• [Exercise]: What you return must match the records character for character.
==== Material for the task
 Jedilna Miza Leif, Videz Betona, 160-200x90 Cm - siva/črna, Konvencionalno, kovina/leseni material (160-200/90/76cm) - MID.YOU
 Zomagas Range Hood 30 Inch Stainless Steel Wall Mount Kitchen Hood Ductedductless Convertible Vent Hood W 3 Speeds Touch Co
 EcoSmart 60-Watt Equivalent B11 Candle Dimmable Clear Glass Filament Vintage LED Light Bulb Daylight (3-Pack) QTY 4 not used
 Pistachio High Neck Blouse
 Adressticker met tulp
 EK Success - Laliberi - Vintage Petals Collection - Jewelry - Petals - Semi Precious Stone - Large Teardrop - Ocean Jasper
========
• [Task response]:
 Jedilna Miza Leif, Videz Betona, 160-200x90 Cm - siva/črna, Konvencionalno, kovina/leseni material (160-200/90/76cm) - MID.YOU
 Zomagas Range Hood 30 Inch Stainless Steel Wall Mount Kitchen Hood Ductedductless Convertible Vent Hood W 3 Speeds Touch Co
 EcoSmart 60-Watt Equivalent B11 Candle Dimmable Clear Glass Filament Vintage LED Light Bulb Daylight (3-Pack) QTY 4 not used
 Pistachio High Neck Blouse
 Adressticker met tulp
 EK Success - Laliberi - Vintage Petals Collection - Jewelry - Petals - Semi Precious Stone - Large Teardrop - Ocean Jasper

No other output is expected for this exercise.